Notably, in August 2016, after this report data was collected, we mitigated another wave of attacks from just such a headless browser botnet, consisting of mobile Android devices able to bypass commonplace security challenges.

Assumed Impersonators

Internet Explorer 65.4%
Baidu Spider 9.6%
Firefox 7.0%
Chrome 5.6%
Googlebot 5.4%
Opera 0.2%
MSN/Bing Bot 0.1%
Identities used by DDoS bots, by commonness

DDoS bots used fake user-agents to impersonate legitimate tools and browsers. In Q2 2016 the majority of these impersonators assumed the identities of Microsoft’s IE browser and the Baidu search engine crawler bot. The latter is likely related to an increase in attack traffic from China (see below), where fake Baidu bots are a common choice for DDoS offenders.

Botnet Activity and Geolocation

Top Targeting and Attacking Countries


China 53.4%
Taiwan 6.8%
South Korea 6.6%
Vietnam 5.4%
United States 3.1%
Indonesia 2.3%
Thailand 2.1%
Morocco 1.9%
Egypt 1.7%
Algeria 1.6%

In Q2 2016 we continued to see an increase in attacks against businesses in the UK and US, which further solidified their positions as the most attacked countries.

China also regained its leading position in Q2 as the source of most DDoS traffic, due to a wave of assaults from Nitol botnets—common to the region.
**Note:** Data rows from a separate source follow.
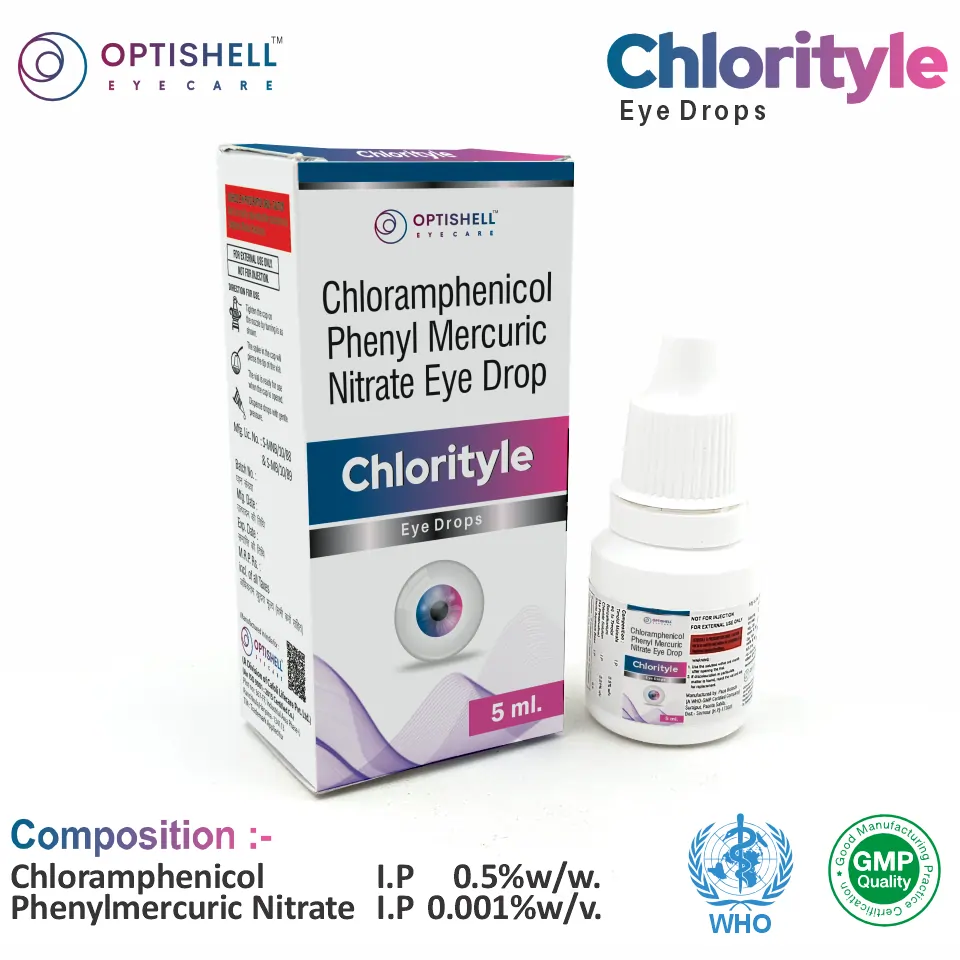 Chloramphenicol Eye Drop Franchise in Chandigarh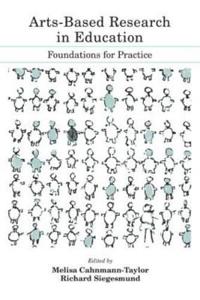 Arts-based Research in Education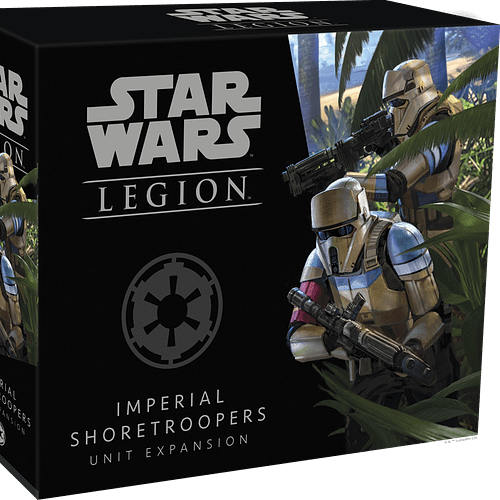 star wars legion imperial shoretroopers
Overall, APAC counties were the source of 80 percent of all DDoS requests. This, despite being on the receiving end of only 3.8 of assaults.

This situation is different from that of European countries, which were the target for 22.3 of all assaults but sourced only 4.6 percent of attack traffic.

Most Active Botnets

Malware types used in DDoS attacks, by commonness

For the third quarter in a row Nitol (a different variant) continued to be the most common malware type used in DDoS attacks. In Q2 2016, Nitol botnets generated over 16.7 billion assault requests against Incapsula-protected domains, accounting for 67 percent of all application layer attack traffic. Moreover, over the span of the quarter, we recorded 345,088 IP addresses belonging to Nitol-infected devices.

Want to learn more about
Incapsula DDoS protection?

Contact us

Methodology

Our analysis is based on data from 7,389 network layer and 8,225 application layer DDoS attacks on websites using Imperva Incapsula services from April 1, 2016, through June 30, 2016—referred to herein as the second quarter of 2016 or Q2 2016.
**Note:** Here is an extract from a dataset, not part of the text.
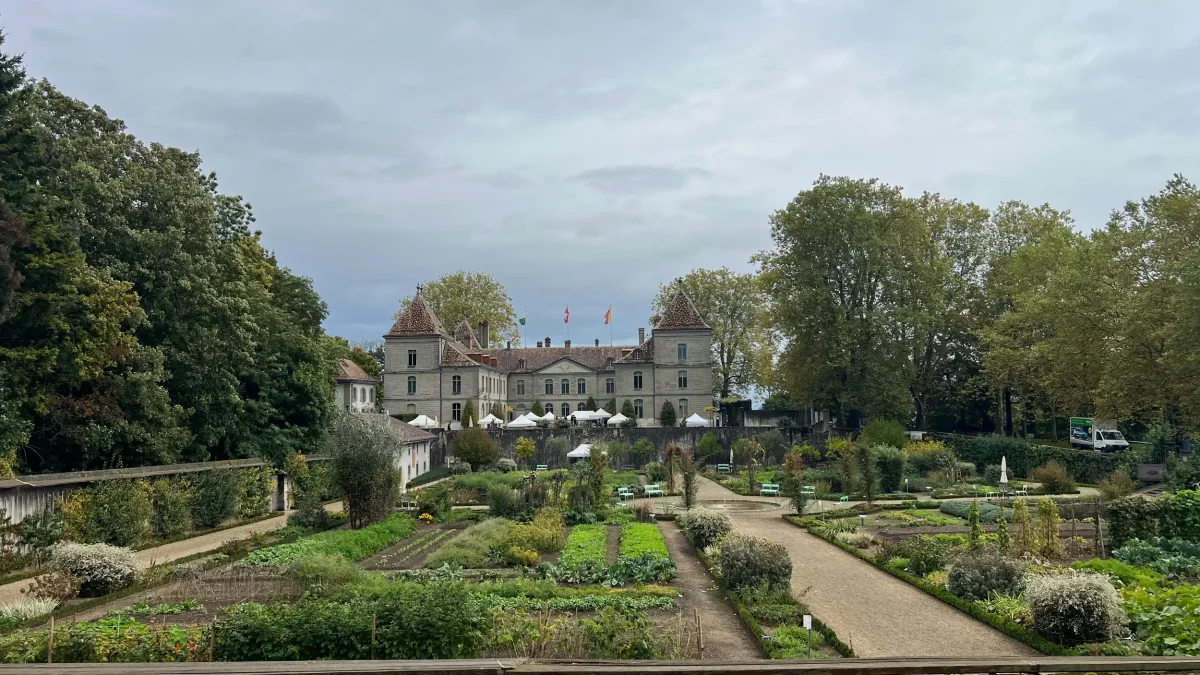 Château de Prangins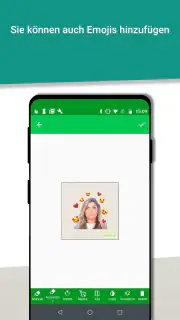 Sticker Maker - WA Stickers screenshot 4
Information about DDoS bot capabilities and assumed identities comes from a random sample of 24.9 billion DDoS bot requests collected from such attacks over the same period.

Definitions

DDoS attack – A persistent, distributed denial of service event against the same target (e.g., IP address or domain). It’s usually preceded by a quiet (attack-free) period of at least ten minutes, and followed by another quiet period of the same duration or longer.

Network layer attack – An assault against either the network or transport layers (OSI layers 3 and 4). Its goal is to cause network saturation by expending much of the available bandwidth. It’s typically measured in gigabits per second (Gbps), referring to the amount of bandwidth it can consume per second.
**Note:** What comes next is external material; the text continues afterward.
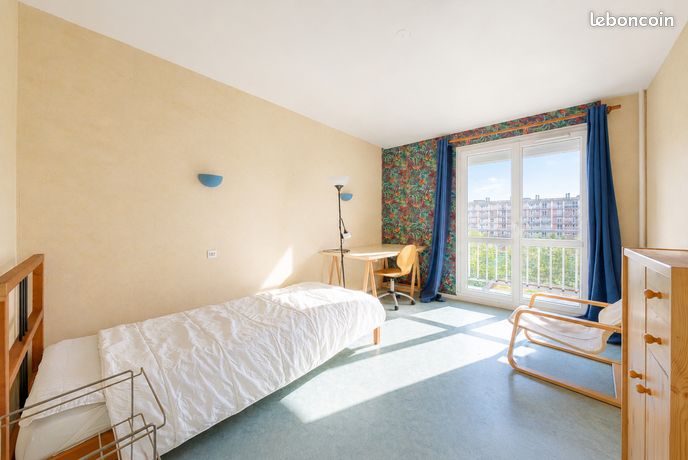Appartement 3 pièces 64 m² — 7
Application layer attack – An assault occurring on OSI layer 7. Its goal is to bring down a server by exhausting its processing resources (e.g., CPU or RAM) with a high number of requests. It’s measured in requests per second (RPS)—the number of processing tasks initiated per second. Such attacks are executed by DDoS bots able to establish a TCP handshake to interact with a targeted application.

Botnet – A cluster of compromised, malware-infected devices remotely controlled by an offender. Device owners are unaware of their system participation.

DDoS bot – A malicious software application (script) used by a perpetrator. So-called bad bots only come into play in application layer attacks, where a TCP connection is established. They typically masquerade as browsers (human visitors) or legitimate bots (e.g., search engine crawlers) to bypass security solutions.

Payload – In the context of this study, a payload is a packet type used in a network layer assault. It’s fabricated by an attack script and can often be altered on the fly. In many cases, multiple payload types are used simultaneously during the course of a single event.